Collected data entries
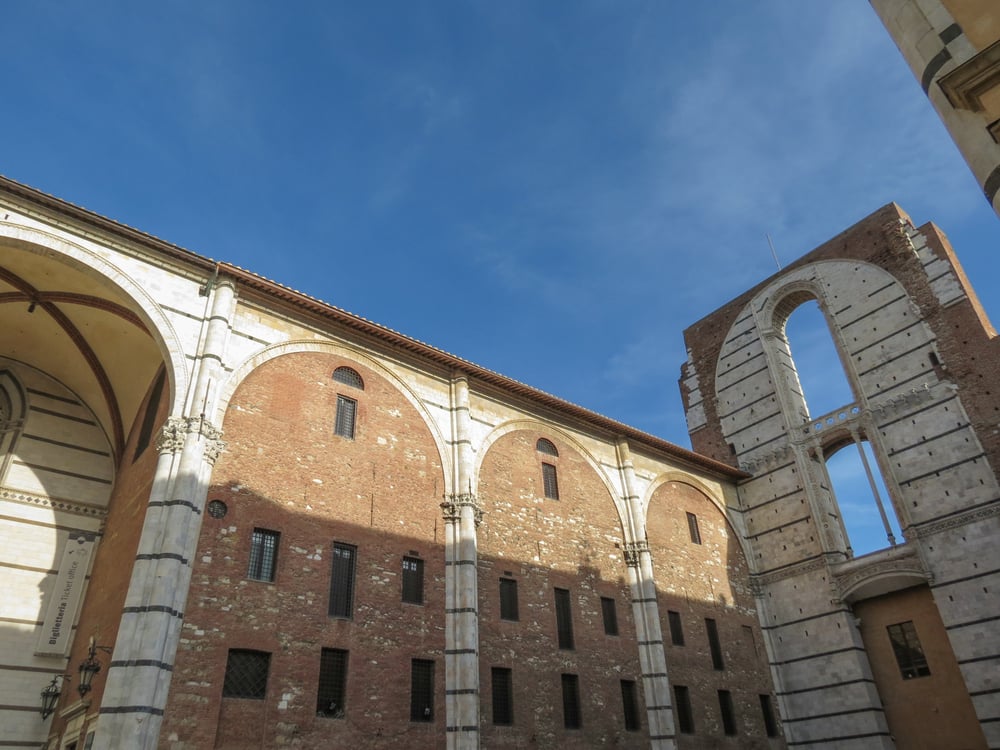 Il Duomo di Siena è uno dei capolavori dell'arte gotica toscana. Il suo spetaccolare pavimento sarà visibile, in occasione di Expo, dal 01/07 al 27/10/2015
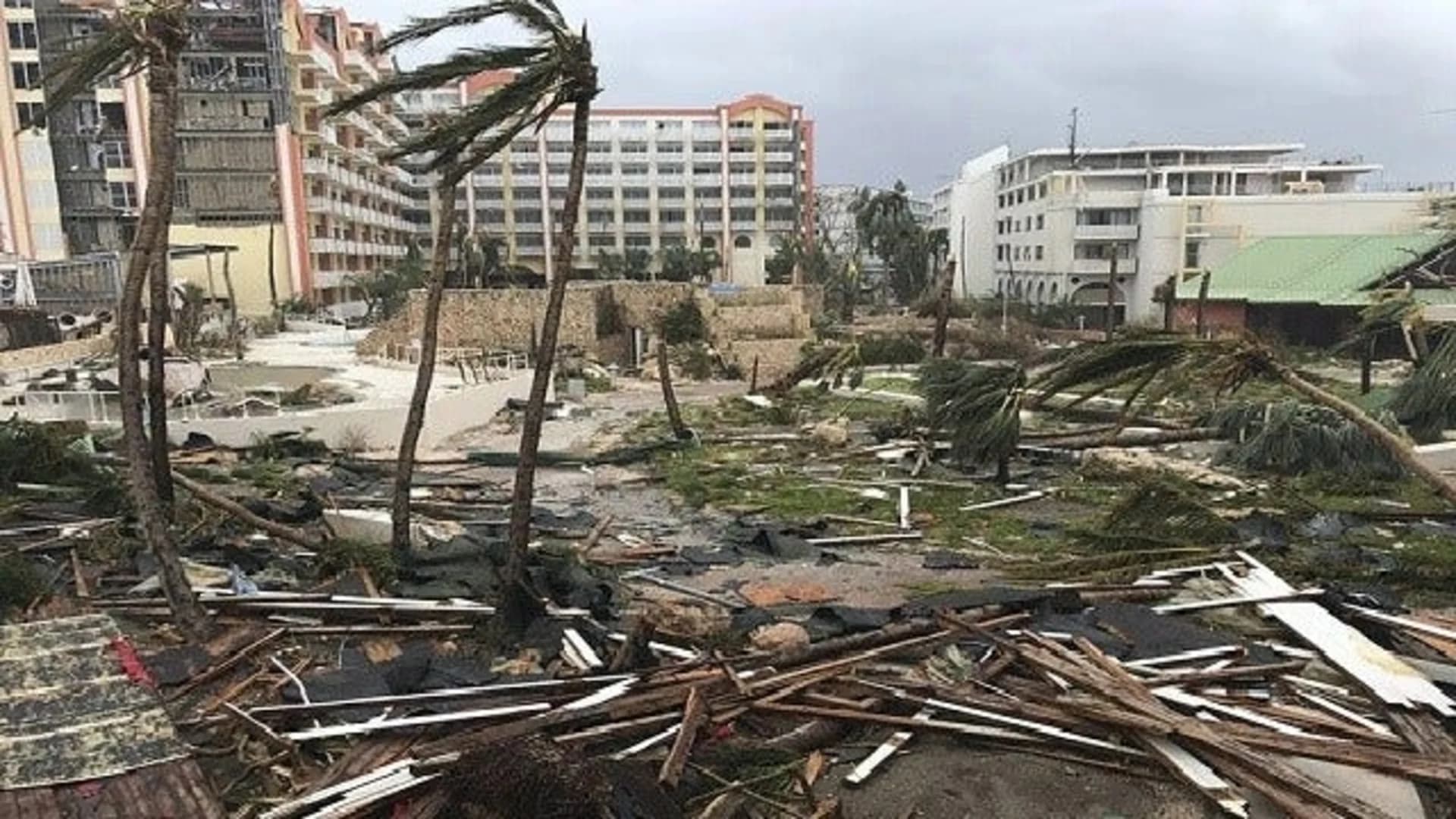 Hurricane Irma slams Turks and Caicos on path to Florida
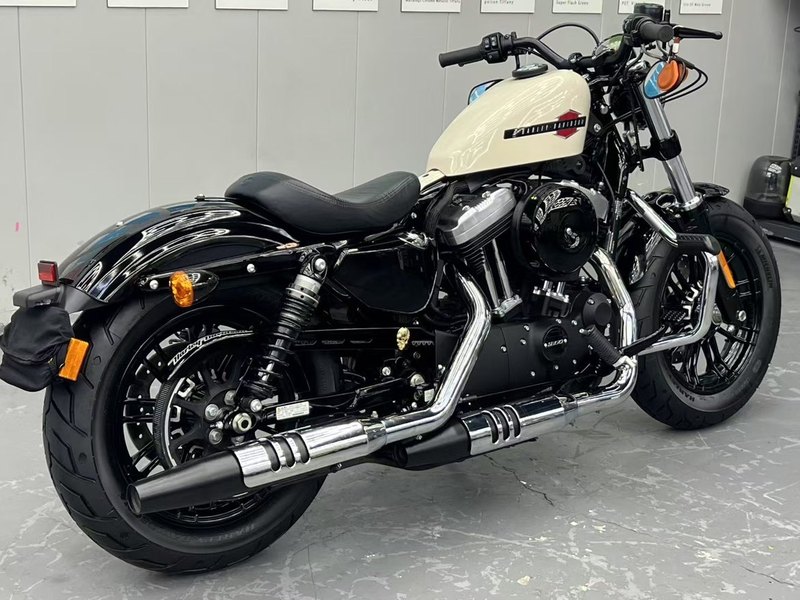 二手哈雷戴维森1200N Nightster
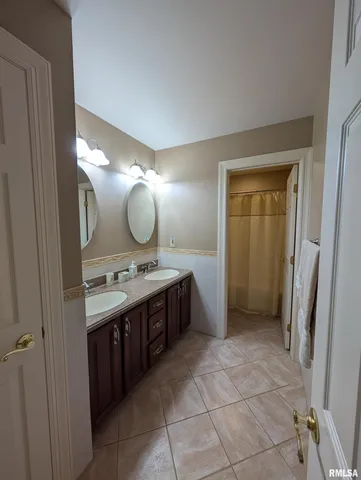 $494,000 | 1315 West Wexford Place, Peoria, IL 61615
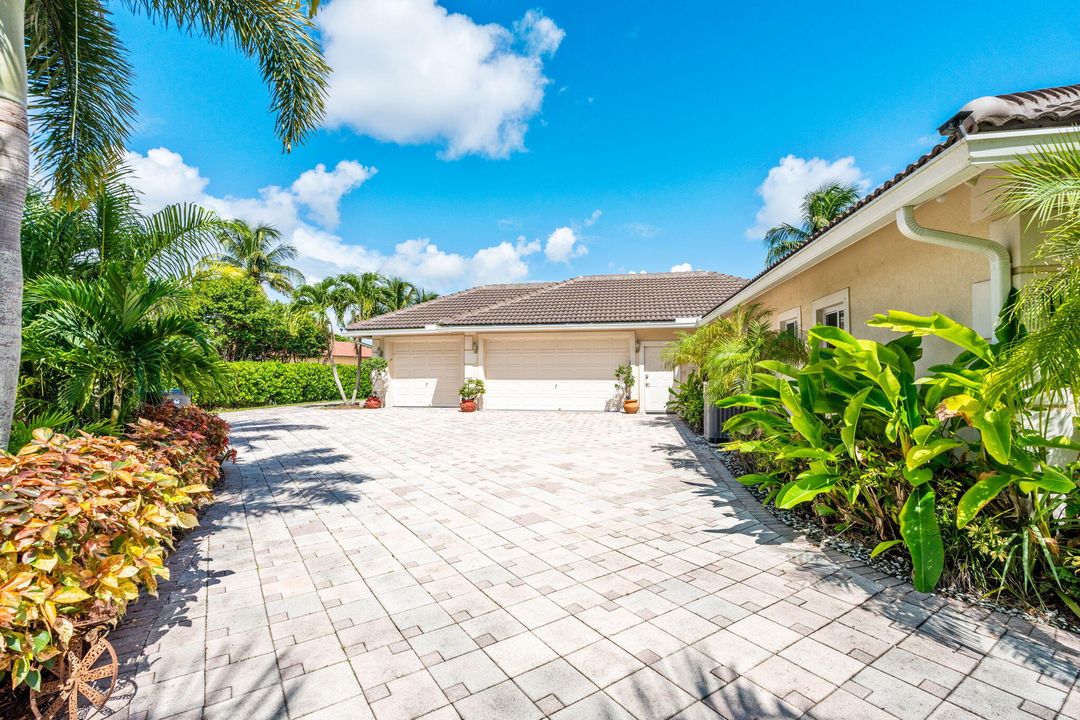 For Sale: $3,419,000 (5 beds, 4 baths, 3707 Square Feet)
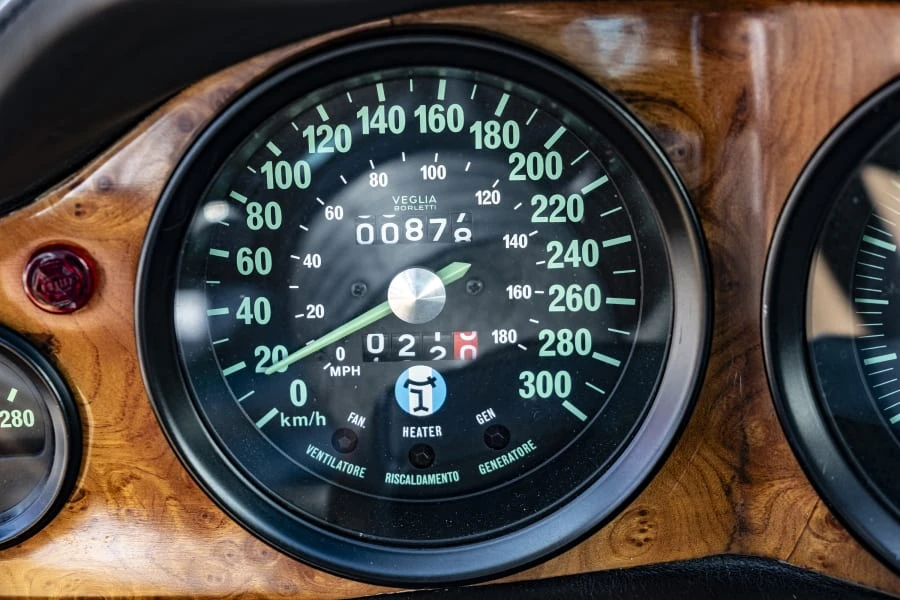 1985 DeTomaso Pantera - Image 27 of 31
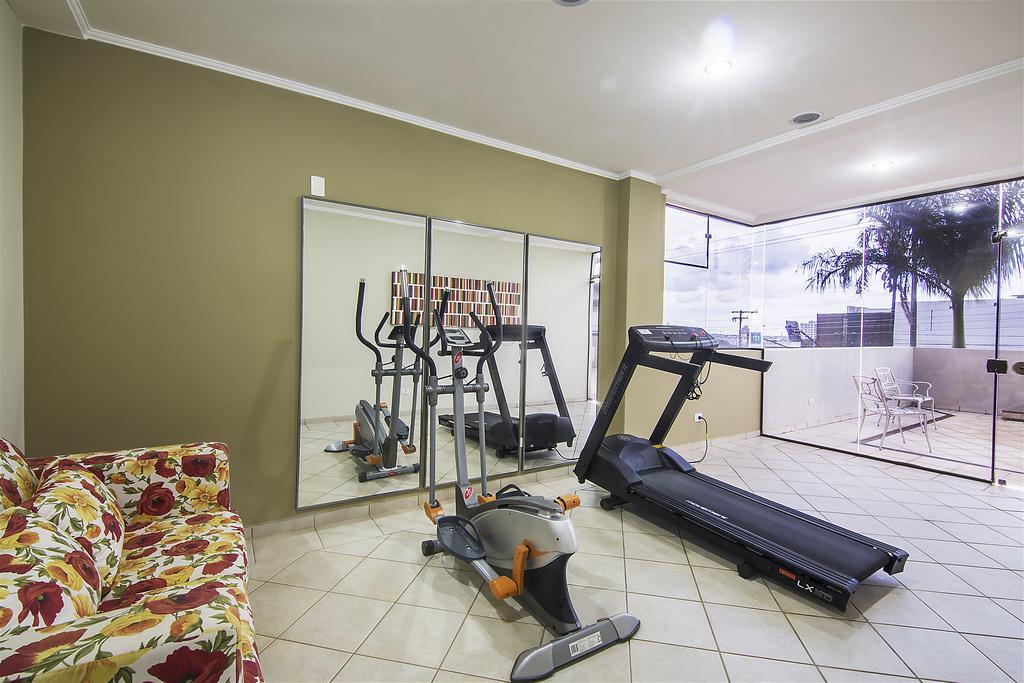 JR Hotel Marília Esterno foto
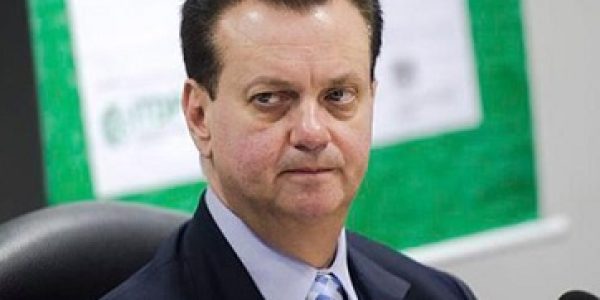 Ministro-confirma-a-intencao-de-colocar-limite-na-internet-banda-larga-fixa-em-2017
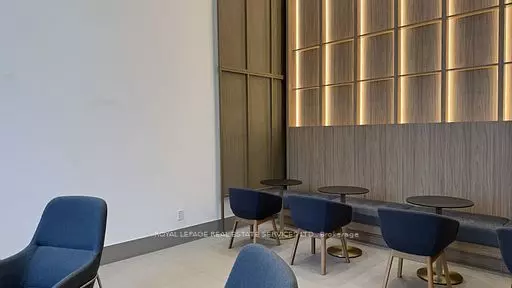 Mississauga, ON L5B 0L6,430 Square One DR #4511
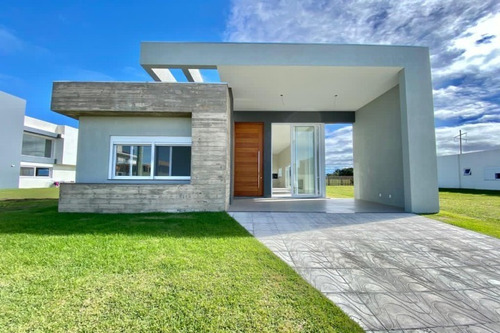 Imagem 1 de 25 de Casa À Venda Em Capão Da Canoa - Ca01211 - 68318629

Exercise aim
Each record above must be retyped exactly. Omit the pictures.

Task response
 Il Duomo di Siena è uno dei capolavori dell'arte gotica toscana. Il suo spetaccolare pavimento sarà visibile, in occasione di Expo, dal 01/07 al 27/10/2015
 Hurricane Irma slams Turks and Caicos on path to Florida
 二手哈雷戴维森1200N Nightster
 $494,000 | 1315 West Wexford Place, Peoria, IL 61615
 For Sale: $3,419,000 (5 beds, 4 baths, 3707 Square Feet)
 1985 DeTomaso Pantera - Image 27 of 31
 JR Hotel Marília Esterno foto
 Ministro-confirma-a-intencao-de-colocar-limite-na-internet-banda-larga-fixa-em-2017
 Mississauga, ON L5B 0L6,430 Square One DR #4511
 Imagem 1 de 25 de Casa À Venda Em Capão Da Canoa - Ca01211 - 68318629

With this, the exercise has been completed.